Saddam faces trial for gassing Kurds

Former Iraq dictator Saddam Hussein faces a range of charges from gassing thousands of Kurds to executing political and religious leaders, a list of the cases against him showed today.

Saddam faces trial for gassing Kurds

Former Iraq dictator Saddam Hussein faces a range of charges from gassing thousands of Kurds to executing political and religious leaders, a list of the cases against him showed today.

Insurgents opposed to Iraq’s new government launched mortars attacks that killed six civilians in the country’s north, officials said.

Iraqi officials want the case against Saddam, who could face 500 charges if prosecutors want to proceed on all counts, to concentrate on about a dozen thoroughly-documented cases authorities believe the ousted leader will be convicted on.

A list obtained early today from the special tribunal, which will hear the case against Saddam and 11 of his henchmen, showed prosecutors seemed to be concentrating on 14 cases. Many received international attention during Saddam’s three decades in power. The list contains few details.

Iraqi authorities believe the trial against Saddam, which could commence within two months, will have a major effect on curbing the violent insurgency raging throughout the country, which has killed at least 844 people since the new Shiite Muslim-led government was announced on April 28.

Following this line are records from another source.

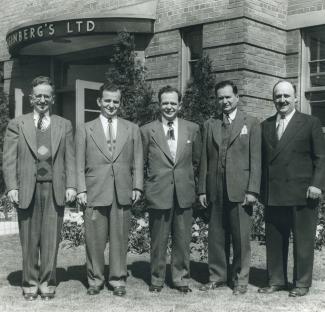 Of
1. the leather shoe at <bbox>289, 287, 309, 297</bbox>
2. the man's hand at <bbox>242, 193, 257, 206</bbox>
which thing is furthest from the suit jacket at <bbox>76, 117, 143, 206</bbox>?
the leather shoe at <bbox>289, 287, 309, 297</bbox>

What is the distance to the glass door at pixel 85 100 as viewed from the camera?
1127 cm

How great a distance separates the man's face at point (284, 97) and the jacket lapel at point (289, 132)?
0.12m

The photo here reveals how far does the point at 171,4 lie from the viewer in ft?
35.2

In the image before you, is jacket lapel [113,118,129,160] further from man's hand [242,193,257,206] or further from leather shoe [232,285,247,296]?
leather shoe [232,285,247,296]

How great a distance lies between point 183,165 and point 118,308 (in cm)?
155

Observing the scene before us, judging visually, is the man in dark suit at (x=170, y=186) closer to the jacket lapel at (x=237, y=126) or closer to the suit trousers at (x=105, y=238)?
the suit trousers at (x=105, y=238)

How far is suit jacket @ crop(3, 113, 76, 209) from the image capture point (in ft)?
17.3

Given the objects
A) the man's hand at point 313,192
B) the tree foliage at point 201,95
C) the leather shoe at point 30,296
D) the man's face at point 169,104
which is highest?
the tree foliage at point 201,95

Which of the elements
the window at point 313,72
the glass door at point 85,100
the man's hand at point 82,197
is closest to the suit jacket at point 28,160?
the man's hand at point 82,197

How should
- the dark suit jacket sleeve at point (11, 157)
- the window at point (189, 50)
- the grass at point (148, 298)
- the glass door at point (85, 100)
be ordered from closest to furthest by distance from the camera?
the grass at point (148, 298) < the dark suit jacket sleeve at point (11, 157) < the window at point (189, 50) < the glass door at point (85, 100)

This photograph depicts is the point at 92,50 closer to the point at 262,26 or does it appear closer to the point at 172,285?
the point at 262,26

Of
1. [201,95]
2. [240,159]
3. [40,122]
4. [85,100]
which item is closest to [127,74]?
[85,100]

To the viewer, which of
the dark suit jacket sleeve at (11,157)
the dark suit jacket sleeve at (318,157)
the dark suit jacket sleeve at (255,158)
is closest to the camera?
the dark suit jacket sleeve at (11,157)

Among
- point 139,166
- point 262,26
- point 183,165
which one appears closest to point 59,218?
point 139,166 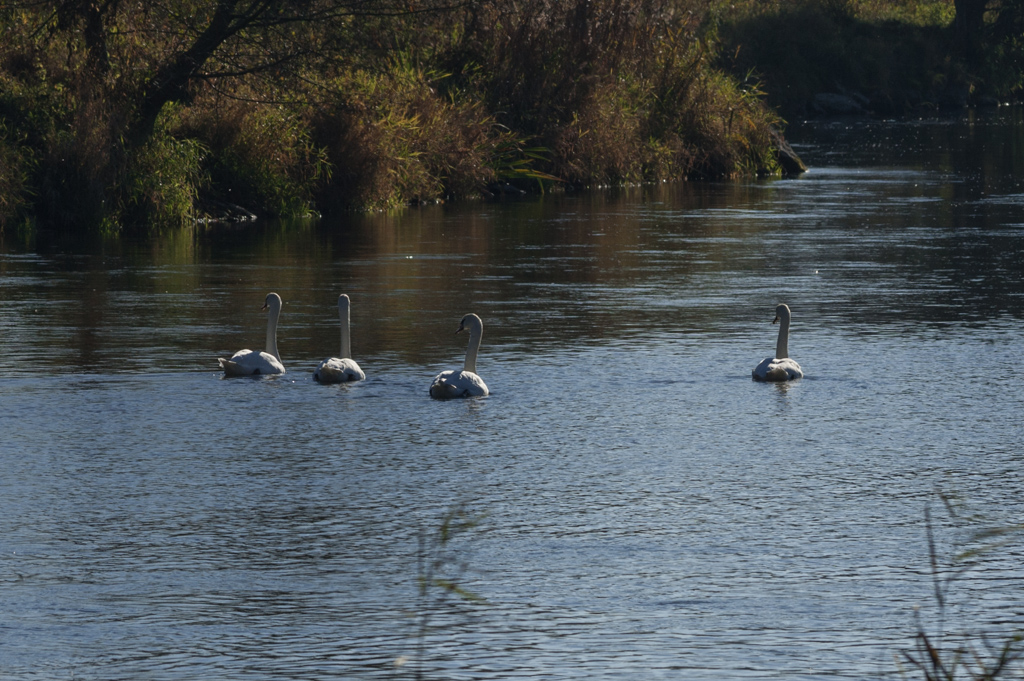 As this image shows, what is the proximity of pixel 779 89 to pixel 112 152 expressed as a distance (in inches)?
1899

Separate mortar barrages today and yesterday apparently targeting police stations in the northern city of Mosul have killed six Iraqis, including two children, US and Iraqi officials said.

Gunmen also killed an Egyptian with US citizenship in western Baghdad, police Lt. Hamid Zaki said today. The victim, identified as Ahmed Kamal, was shot dead yesterday while driving his car. Zaki said Kamal worked as a contractor with Iraq’s Electricity Ministry. Egyptian and US embassy officials had no immediate comment.

A US soldier was killed yesterday when a roadside bomb exploded near a military patrol in northern Iraq in the province of Kirkuk, the military said today. At least 1,669 US military members have died since the Iraq war began in March 2003.

Iraqi police shot at a suicide car bomber, whose vehicle still exploded at a western Baghdad checkpoint today, wounding three police and three bystanders, a police official said.

In a bid to combat the insurgency, particularly in Baghdad where suicide bombings and drive-by shootings are almost daily occurrences, Iraqi authorities have launched a US-backed counterinsurgency campaign dubbed Operation Lightning.

The US Army’s 3rd Infantry Division, which oversees military operations in the capital, provided figures showing that 887 suspected insurgents have been detained and 38 weapons caches uncovered since the operation began May 22.

Sunni Muslim organisations are complaining that many innocent Iraqis have been arrested during the blitz and most were Sunnis, the minority that dominated the country during Saddam’s rule and are believed to form the insurgency’s backbone.

“There is an improvement in security and in the performance of the security forces, but members of the army and police do cause mistakes,” Laith Kuba, spokesman for Iraq’s prime minister, said.

The charges of overzealous behaviour by security forces coincides with government efforts to include Sunni Arabs in the political process, and to get them involved in drafting Iraq’s new constitution. Sunni approval is necessary for the charter’s adoption in a national referendum. It is to be ready by mid-August and approved nationwide in an October vote.

Iraqi authorities believe Saddam loyalists and Sunni extremists are responsible for most of the attacks, which are designed to topple the new government that is dominated by Shiites and Kurds, communities long oppressed under the former Iraqi president’s three-decade rule.

Iraqi officials have been saying Saddam’s trial should start within two months. They also believe giving the dictator, who was captured December 2003, his day in court and airing the allegations levelled against him will help take the wind out of the insurgency.

The special tribunal trying Saddam provided a list of 14 cases saying the allegations against him included:

:: Executing at least 50 Iraqis in the Shiite town Dujail, 50 miles north of Baghdad in 1982 in retaliation for a failed assassination attempt against Saddam;

:: Killing and deporting 8,000 members of the powerful Kurdish Barzani tribe, of which the current Kurdistan Democratic Party leader, Massoud Barzani, belongs;

:: The 1988 chemical weapons attack on the Kurdish town of Halabja that killed an estimated 5,000 people;

:: Executing prominent religious and political figures;

:: Ordering the seven-month occupation of Kuwait that was ended by the 1991 US-led Gulf War; and

:: The 1991 suppression of a Shiite uprising in southern Iraq.

Meanwhile, Australia’s top Sunni Muslim cleric, who is in Iraq trying to negotiate the release of Australian hostage Douglas Wood, 63, said Monday he has seen footage of the captive indicating that he is alive, not the man himself.

“I have seen a recent CD video lasting 12 to 15 minutes where Wood is alive and good and in honest hands,” Sheik Taj El Din al-Hilaly said of California-based Wood, who was captured by insurgents in late April.